Product yields as a function of enzymatic steps from central metabolism. The solid line is the regression of published product yields by S. cerevisiae as a function of reaction steps from intermediate metabolites in central metabolism (including glycolysis, TCA cycle and pentose-phosphate pathways). The yield declines exponentially as the number of reaction steps increases. The dotted lines are boundary curves with yield efficiencies of 30% and 70% respectively. All yield data from initial carbon sources are estimated from recent papers using our best judgment. The synthesized products and reaction steps are: Poly(R-3-hydroxybutyrate) [63] (steps = 3); Glycerol [64] (steps = 2); Artemisinic acid [1] (steps = 10); Amorphadiene [65] (steps = 9); Pyruvate [66] (steps = 0); Geranylgeraniol [67] (steps = 10); Hydrocortisone [68] (steps = 19); Squalene [69] (steps = 9); β-carotene [70] (steps = 12); Lycopene [70] (steps = 11); Phytoene [70] (steps = 10); p-hydroxycinnamic acid [71] (steps = 12); Naringenin [72] (steps = 14); Pinocembrin [72] (steps = 14); Xylitol and Ribitol [73] (steps = 3); Ethanol [74] (steps = 2); L-ascorbic acid [75] (steps = 8).

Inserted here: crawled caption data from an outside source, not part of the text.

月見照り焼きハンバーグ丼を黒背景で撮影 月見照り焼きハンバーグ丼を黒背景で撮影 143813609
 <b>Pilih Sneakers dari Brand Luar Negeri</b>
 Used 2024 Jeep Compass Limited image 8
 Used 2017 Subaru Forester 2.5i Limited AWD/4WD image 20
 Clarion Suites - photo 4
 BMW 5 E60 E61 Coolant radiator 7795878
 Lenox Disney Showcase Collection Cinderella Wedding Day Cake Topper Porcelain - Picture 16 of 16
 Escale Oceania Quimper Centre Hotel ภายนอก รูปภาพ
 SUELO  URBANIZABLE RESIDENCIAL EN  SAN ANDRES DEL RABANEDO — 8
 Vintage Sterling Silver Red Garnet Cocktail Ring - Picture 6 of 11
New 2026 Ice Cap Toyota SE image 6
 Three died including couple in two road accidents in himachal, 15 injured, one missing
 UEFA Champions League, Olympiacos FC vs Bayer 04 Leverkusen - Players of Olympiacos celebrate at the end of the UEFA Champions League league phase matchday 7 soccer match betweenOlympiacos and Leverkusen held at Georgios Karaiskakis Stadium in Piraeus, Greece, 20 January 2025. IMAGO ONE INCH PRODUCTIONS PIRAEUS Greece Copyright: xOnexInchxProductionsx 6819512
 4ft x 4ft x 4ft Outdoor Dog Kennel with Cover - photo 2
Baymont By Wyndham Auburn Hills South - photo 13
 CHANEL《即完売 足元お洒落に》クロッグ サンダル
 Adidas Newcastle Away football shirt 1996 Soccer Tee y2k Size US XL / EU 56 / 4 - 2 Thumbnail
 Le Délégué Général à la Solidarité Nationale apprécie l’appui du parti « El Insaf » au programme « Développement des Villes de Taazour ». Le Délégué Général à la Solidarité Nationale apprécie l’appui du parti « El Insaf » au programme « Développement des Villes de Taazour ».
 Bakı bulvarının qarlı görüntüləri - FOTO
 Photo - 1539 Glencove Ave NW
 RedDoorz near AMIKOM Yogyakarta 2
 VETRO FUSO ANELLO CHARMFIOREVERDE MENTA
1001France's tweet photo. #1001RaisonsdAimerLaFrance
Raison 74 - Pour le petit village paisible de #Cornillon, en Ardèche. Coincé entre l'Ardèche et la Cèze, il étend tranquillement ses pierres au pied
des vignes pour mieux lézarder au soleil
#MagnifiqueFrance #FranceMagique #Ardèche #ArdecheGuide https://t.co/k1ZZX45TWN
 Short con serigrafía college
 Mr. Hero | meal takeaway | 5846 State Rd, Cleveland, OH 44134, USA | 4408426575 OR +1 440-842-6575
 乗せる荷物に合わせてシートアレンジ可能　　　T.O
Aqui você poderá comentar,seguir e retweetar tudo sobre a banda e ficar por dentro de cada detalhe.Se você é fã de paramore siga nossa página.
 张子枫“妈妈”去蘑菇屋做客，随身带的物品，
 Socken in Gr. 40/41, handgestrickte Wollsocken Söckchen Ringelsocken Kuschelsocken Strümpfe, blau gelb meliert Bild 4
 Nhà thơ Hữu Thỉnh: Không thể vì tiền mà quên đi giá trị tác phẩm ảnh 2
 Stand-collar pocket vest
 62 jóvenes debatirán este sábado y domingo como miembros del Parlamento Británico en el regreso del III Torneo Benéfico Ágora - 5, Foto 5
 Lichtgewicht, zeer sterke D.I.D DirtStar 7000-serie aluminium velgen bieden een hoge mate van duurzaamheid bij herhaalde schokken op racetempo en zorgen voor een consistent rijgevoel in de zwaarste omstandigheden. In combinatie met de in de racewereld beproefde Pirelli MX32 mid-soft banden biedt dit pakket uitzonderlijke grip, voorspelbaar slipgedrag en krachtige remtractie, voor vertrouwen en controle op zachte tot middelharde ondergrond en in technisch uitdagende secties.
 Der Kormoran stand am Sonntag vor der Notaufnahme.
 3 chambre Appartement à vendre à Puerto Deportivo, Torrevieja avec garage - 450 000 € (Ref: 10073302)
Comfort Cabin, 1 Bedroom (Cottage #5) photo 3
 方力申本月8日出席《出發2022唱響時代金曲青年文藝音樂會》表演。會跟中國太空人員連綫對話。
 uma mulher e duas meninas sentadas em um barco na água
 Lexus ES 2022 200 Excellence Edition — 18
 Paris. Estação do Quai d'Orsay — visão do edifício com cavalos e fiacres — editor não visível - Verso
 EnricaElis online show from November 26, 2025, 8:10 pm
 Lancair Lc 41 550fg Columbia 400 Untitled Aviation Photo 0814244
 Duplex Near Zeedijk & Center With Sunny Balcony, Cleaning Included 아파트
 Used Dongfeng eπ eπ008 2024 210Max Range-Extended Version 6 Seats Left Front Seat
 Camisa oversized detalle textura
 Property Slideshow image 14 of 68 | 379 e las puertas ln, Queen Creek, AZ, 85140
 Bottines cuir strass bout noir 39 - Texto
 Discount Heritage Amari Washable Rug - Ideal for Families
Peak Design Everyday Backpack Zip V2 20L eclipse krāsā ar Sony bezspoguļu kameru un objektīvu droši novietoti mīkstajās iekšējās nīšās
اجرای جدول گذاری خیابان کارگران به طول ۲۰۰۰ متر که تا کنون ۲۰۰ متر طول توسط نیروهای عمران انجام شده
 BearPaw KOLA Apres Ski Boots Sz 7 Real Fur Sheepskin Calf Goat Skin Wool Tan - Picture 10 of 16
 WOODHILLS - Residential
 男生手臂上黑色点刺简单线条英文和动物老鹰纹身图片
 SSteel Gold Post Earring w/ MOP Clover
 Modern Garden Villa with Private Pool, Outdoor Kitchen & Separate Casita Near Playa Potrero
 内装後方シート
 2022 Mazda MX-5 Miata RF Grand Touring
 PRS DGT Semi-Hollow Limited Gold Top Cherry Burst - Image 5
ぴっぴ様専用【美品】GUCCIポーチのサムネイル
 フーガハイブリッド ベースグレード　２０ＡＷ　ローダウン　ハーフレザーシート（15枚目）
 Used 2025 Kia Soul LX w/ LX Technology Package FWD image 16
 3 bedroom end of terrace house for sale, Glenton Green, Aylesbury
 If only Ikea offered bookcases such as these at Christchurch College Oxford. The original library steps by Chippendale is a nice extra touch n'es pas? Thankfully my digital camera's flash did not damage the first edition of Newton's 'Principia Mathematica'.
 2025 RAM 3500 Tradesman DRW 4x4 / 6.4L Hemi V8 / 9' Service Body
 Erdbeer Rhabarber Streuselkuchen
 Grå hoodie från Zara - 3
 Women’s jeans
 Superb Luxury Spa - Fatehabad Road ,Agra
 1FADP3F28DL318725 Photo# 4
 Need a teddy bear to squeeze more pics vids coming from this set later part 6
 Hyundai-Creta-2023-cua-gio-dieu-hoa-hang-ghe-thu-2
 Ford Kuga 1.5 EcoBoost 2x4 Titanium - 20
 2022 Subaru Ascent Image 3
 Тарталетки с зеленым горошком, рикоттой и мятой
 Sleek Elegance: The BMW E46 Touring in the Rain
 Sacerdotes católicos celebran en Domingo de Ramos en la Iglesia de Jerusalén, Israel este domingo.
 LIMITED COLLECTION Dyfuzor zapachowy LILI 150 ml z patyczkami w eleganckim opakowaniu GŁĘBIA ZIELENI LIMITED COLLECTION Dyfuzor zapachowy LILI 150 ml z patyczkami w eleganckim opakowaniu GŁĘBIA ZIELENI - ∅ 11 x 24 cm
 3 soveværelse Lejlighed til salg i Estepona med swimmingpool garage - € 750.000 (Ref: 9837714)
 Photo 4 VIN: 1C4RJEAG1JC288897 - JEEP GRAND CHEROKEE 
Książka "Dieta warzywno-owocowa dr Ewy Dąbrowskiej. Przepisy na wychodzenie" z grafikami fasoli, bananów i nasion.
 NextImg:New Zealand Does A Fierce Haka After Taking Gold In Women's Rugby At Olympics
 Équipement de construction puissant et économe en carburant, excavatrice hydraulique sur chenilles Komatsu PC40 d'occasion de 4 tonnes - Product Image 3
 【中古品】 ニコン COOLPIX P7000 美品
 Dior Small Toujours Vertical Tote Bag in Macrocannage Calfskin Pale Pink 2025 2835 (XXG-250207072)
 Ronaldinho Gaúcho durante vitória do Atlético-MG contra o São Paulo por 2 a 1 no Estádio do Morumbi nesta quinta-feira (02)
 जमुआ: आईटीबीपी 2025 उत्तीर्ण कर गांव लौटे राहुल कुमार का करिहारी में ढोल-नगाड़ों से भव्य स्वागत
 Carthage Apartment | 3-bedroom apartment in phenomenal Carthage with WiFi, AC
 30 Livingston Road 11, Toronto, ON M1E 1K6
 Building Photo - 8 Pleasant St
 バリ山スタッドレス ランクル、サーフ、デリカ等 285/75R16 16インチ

In conclusion, fluxomics studies enable the quantification of intracellular metabolism. However, this tool is not fully developed, and it remains difficult to deduce cell-wide pathway bottlenecks and to provide effective strategies for biotechnology applications. Numerous technical difficulties in developing flux analysis methods and complicated metabolic regulatory mechanisms have severely limited the scope of fluxomics in industrial biotechnology. It is necessary for the future development of flux analysis to combine other advanced “omics” analysis and molecular biology techniques to resolve challenges in the fluxomics fields.